Aliento contenido. Sudor frío. El terrible cielo bajo ahoga el amanecer. (No
hay por dónde escapar.) Silencio... El amor se para. Tiembla la culpa. El
remordimiento cierra los ojos. Más silencio...
El
trueno, sordo, retumbante, interminable, como un bostezo que no acaba del todo,
como una enorme carga de piedra que cayera del cenit al pueblo, recorre,
largamente, la mañana desierta. (No hay por dónde huir.) Todo lo débil—flores,
pájaros—desaparece de la vida.
Tímido,
el espanto mira, por la ventana entreabierta, a Dios, que se alumbra
trágicamente.

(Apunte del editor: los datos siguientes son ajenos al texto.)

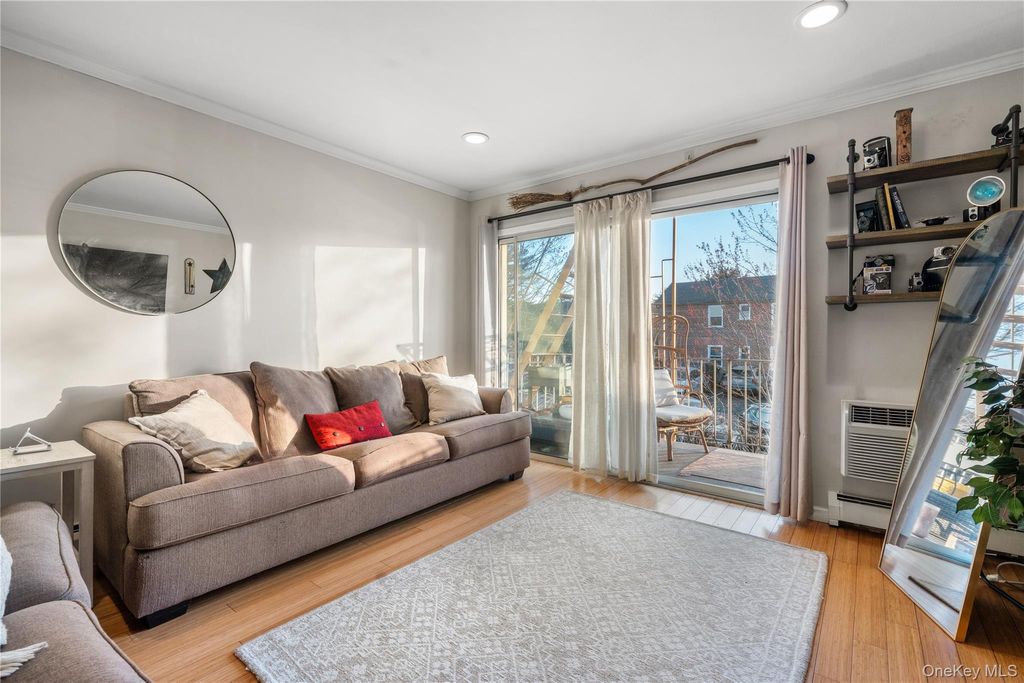 Photo of 90 Park Avenue S #B6, Rockville Centre, NY 11570 (MLS # 988519)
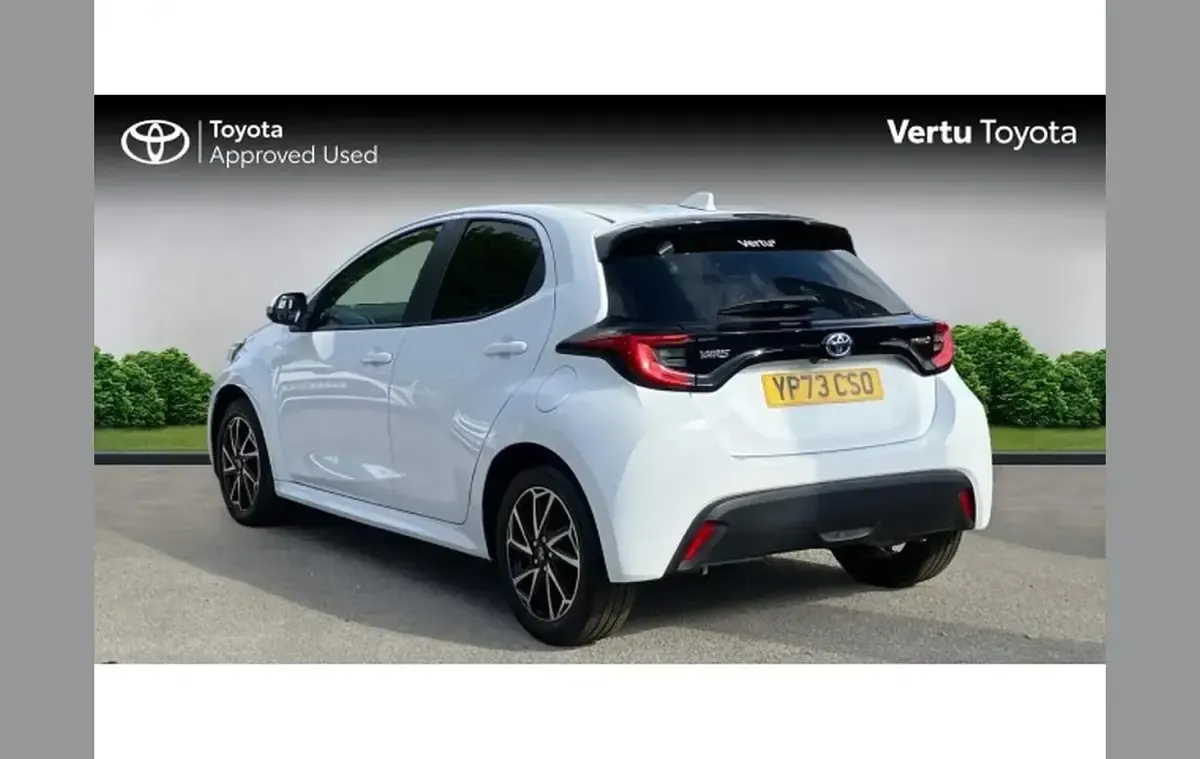 Used Toyota Yaris Design 116 HP (85 kW) 2023 White Hatchback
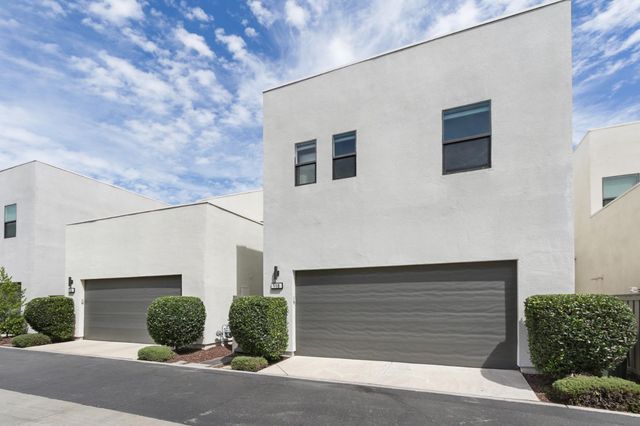 110 Fonseca St, Sacramento, CA 95816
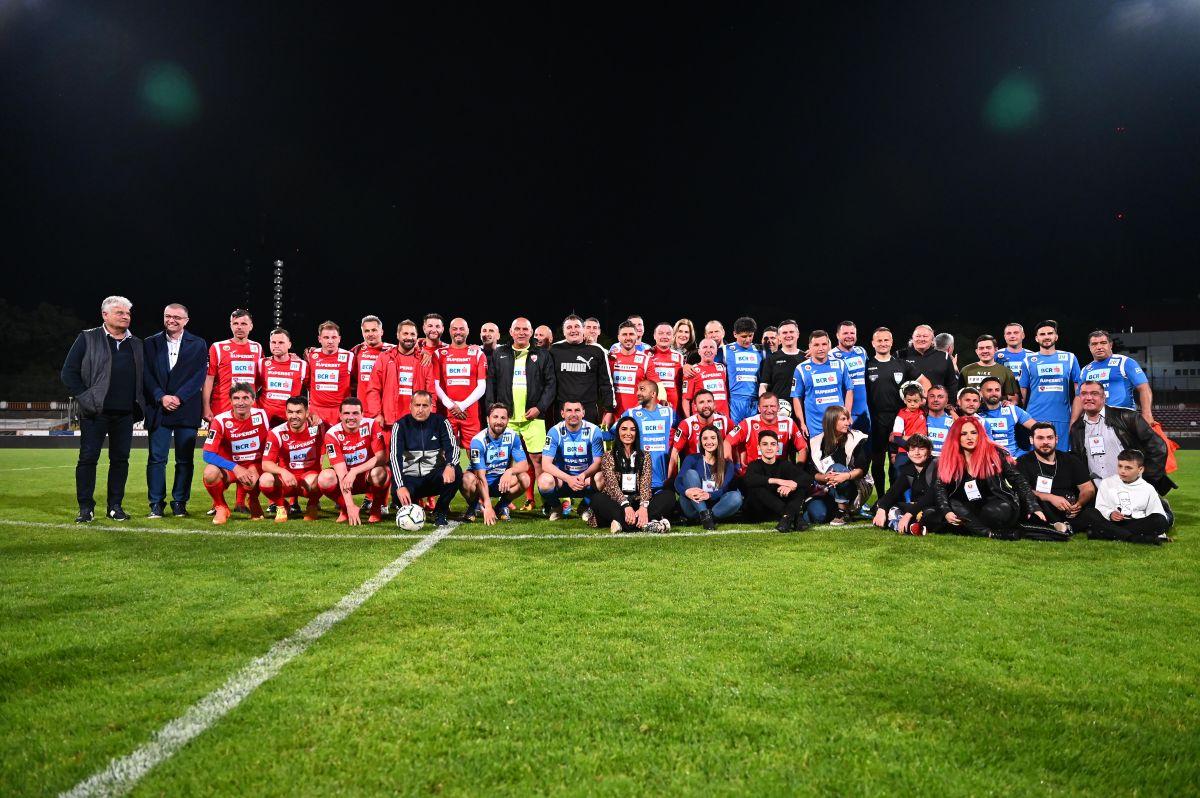 Meciul legendelor în Ștefan cel Mare » 12 goluri marcate de echipele lui Andone și Belodedici
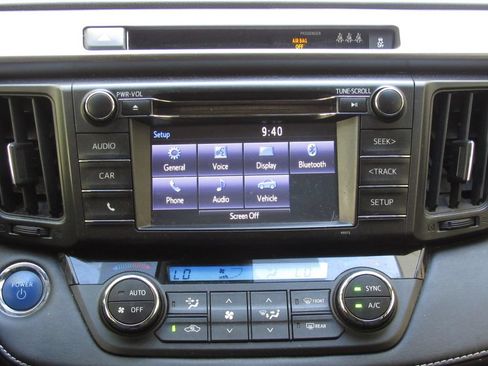 Certified 2018 Toyota RAV4 LE AWD/4WD image 26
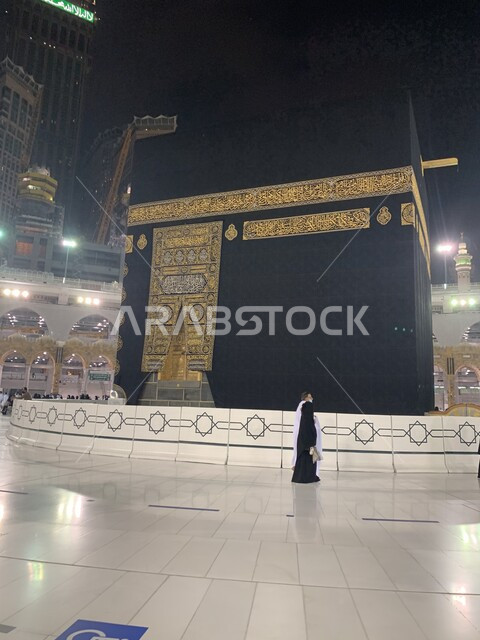 صورة للكعبة المشرفة في مكة المكرمة بالمملكة العربية السعودية، أداء مناسك الحج والعمرة، الطواف حول الكعبة المشرفة، العبادة والتقرب الى الله، معالم دينية اسلامية في السعودية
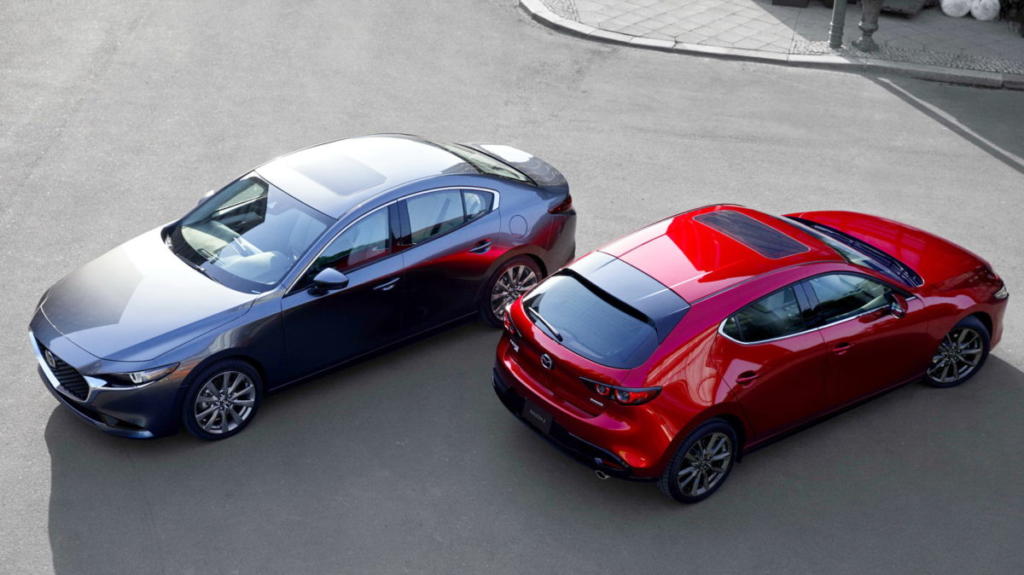 Nέο στιλ και high-tech τεχνολογίες για το καινούργιο Mazda3 [vid]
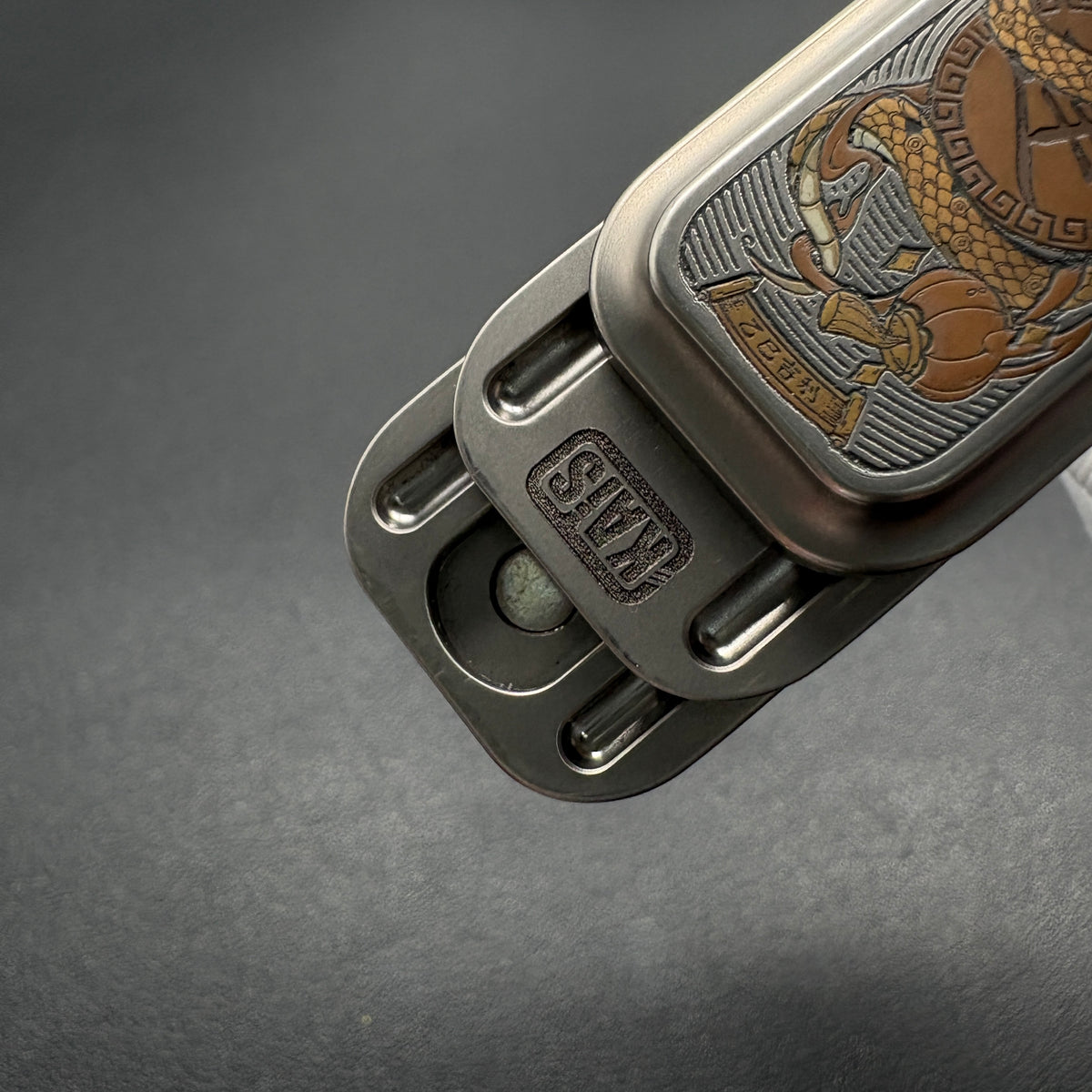 Lucky Candy Titanium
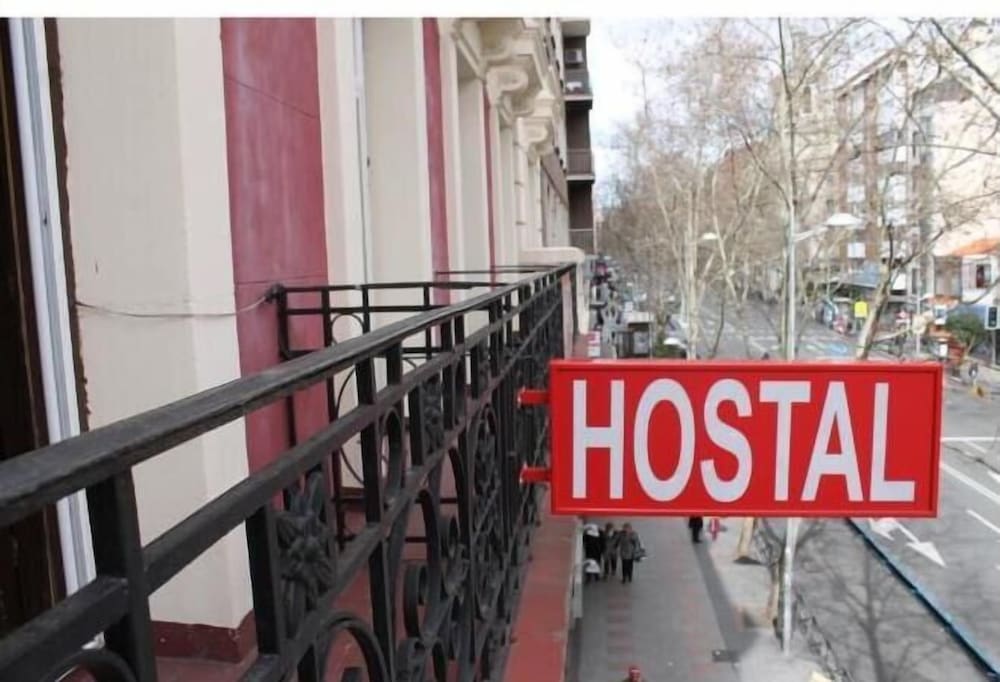 Фото Hostal Abitum Madrid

Allá en Oriente, entre desgarrones de nubes, se ven malvas y
rosas tristes, sucios, fríos, que no pueden vencer la negrura. El coche de las
seis, que parecen las cuatro, se siente por la esquina, en un diluvio, cantando
el cochero por espantar el miedo. Luego, un carro de la vendimia, vacío, de
prisa...
¡Ángelus!
Un Ángelus duro y abandonado, solloza entre el tronido. ¿El último Ángelus del
mundo? Y se quiere que la campana acabe pronto, o que suene más, mucho más, que
ahogue la tormenta. Y se va de un lado a otro, y se llora, y no se sabe lo que
se quiere...
(No
hay por dónde escapar.) Los corazones están yertos. Los niños llaman desde
todas partes...
—¿Qué
será de Platero, tan solo en la indefensa cuadra del corral?